On doit effectivement à Carlo Ginzburg, l’un des plus érudits intellectuels contemporains, la capacité de dépasser les limites disciplinaires traditionnelles pour saisir une histoire narrative et complexe, appuyés par des témoignages tirés des catégories le plus souvent exclues du récit dominant : des femmes, des lépreux, des marginaux analphabètes, des juifs, des musulmans ou encore des sorciers et des sorcières.

Dans un de ses entretiens, il affirme qu’« entamer un dialogue entre l’histoire et d’autres disciplines m’a toujours fasciné. On a souvent tendance à penser l’histoire en tant que forteresse : ce n’est pas une forteresse, mais un aéroport ». L’historien dédie ses travaux aux phénomènes « périphériques », ceux provenant des marges et des espaces limitrophes, ceux qui constituent les anomalies de la « grande histoire » ou de l’histoire officielle, montrant dans ses analyses une finesse anthropologique rarement présente à l’époque au sein de la pratique historienne.

C’est également le cas de son premier ouvrage, intitulé Les batailles nocturnes, consacré à la communauté agraire des benandanti, longtemps négligés par l’historiographie européenne. L’idée d’un tel récit lui est inspirée suite à sa traduction de l’ouvrage Les Rois thaumaturges par l’historien français Marc Bloch, étude qui appréhende un curieux rite sur la guérison miraculeuse réalisée par les rois de France et d’Angleterre. Pour sa part, Carlo Ginzburg se tourne vers la confrérie des benandanti (« ceux qui marchent pour le bien »), apparue dans les campagnes de Frioul entre le XVIe et le XVIIe siècle, qui combattent des sorciers diaboliques pendant des batailles nocturnes.

Cet ouvrage sur la sorcellerie, parfois rapproché aux recherches sur le chamanisme, changera entièrement la perception de cette institution, ainsi que de son histoire. L’historien reviendra sur les rapports entre les paysans et l’Inquisition dans son ouvrage le plus célèbre, Le fromage et les vers, qui porte sur la cosmologie du meunier frioulan Menocchio, qui compare le monde à un fromage et Dieu à un ver, raison pour laquelle il sera exécuté. Dans Les batailles nocturnes, Carlo Ginzburg mène un travail d’archives afin de saisir les discours entourant ce mythe de la fertilité, ainsi qu’un rapport établi avec le monde des morts. Le texte suivant présente l'émergence de la communauté des benandanti, leurs procès auprès du Saint-Office, leurs témoignages et aveux personnels face aux questions posées par l’Inquisition.

2. Les Benandanti

Dans son premier livre, Ginzburg propose de tracer et d’analyser les récits et les témoignages d’une mystérieuse communauté apparue entre le XVIe et le XVIIe siècle dans les campagnes du Frioul vénetien, qui effectue régulièrement un rituel agraire magique.

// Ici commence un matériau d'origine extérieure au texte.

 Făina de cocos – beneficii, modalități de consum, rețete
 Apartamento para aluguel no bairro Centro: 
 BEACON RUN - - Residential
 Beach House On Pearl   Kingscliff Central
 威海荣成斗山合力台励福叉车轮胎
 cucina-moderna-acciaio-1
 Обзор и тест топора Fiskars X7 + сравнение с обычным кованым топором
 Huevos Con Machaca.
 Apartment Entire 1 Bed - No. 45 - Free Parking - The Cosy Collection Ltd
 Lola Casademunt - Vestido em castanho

Au début de leur émergence, l’Inquisition se trouve déconcertée, ne sachant pas comment aborder ces récits inhabituels portant sur la fertilité de la terre. Les adeptes, nommés benandanti, mènent une bataille onirique pendant les périodes de jeûne prescrites par le calendrier ecclésiastiques, – nommées les Quatre Temps –, afin d’assurer les récoltes de l’année qui suit. Selon les aveux pendant les interrogatoires, les benandanti se définissent en tant que représentants du Bien et s’opposent ainsi aux sorcières et aux sorciers.

Ils déclarent partir seulement en esprit aux combats nocturnes, car ces rencontres se déroulent en rêve et les corps restent immobiles dans leurs lits. Conduits par un capitaine les benandanti arrivent au lieu de la future bataille ; là, ils rencontrent les sorciers, leurs opposants. Les benandanti se battent à coups de branches de fenouil contre des sorciers armés de tiges de sorgho. Si les benandanti gagnent, les terrains agricoles seront prospères dans la saison à venir.

Selon les mots du benandante Battista Moduco, « dans les batailles que nous livrons, tantôt nous combattons pour le froment et les autres grains, tantôt pour les menues récoltes, tantôt pour les vins : ainsi, en quatre fois, nous combattons pour tous les fruits de la terre ». Moduco continue ses aveux, en décrivant au Frère Felice, son interrogateur, que les benandanti sont dirigés au combat par un capitaine, qui est « un homme comme nous » de Colognia, de famille noble et marié, fourni d’un drapeau blanc, brodé d’or, qui porte d’emblème d’un lion.

Pour Ginzburg, l’image du lion sur le drapeau peut référer au drapeau de Venise, lui-même décoré avec le lion de Saint Marc. Dans certains témoignages, les réunions nocturnes des benandanti sont présidés par une divinité féminine, nommée Fraw Selga – la soeur de Fraw Venus –, Diane, Abundia, Satia ou Perchta, toutes étant le symbole d’abondance et de richesse dans les croyances païennes. En outre, les benandanti déclarent soigner les victimes des ensorcellements et des envoûtements, particulièrement les enfants qui sont souvent la cible des sorciers.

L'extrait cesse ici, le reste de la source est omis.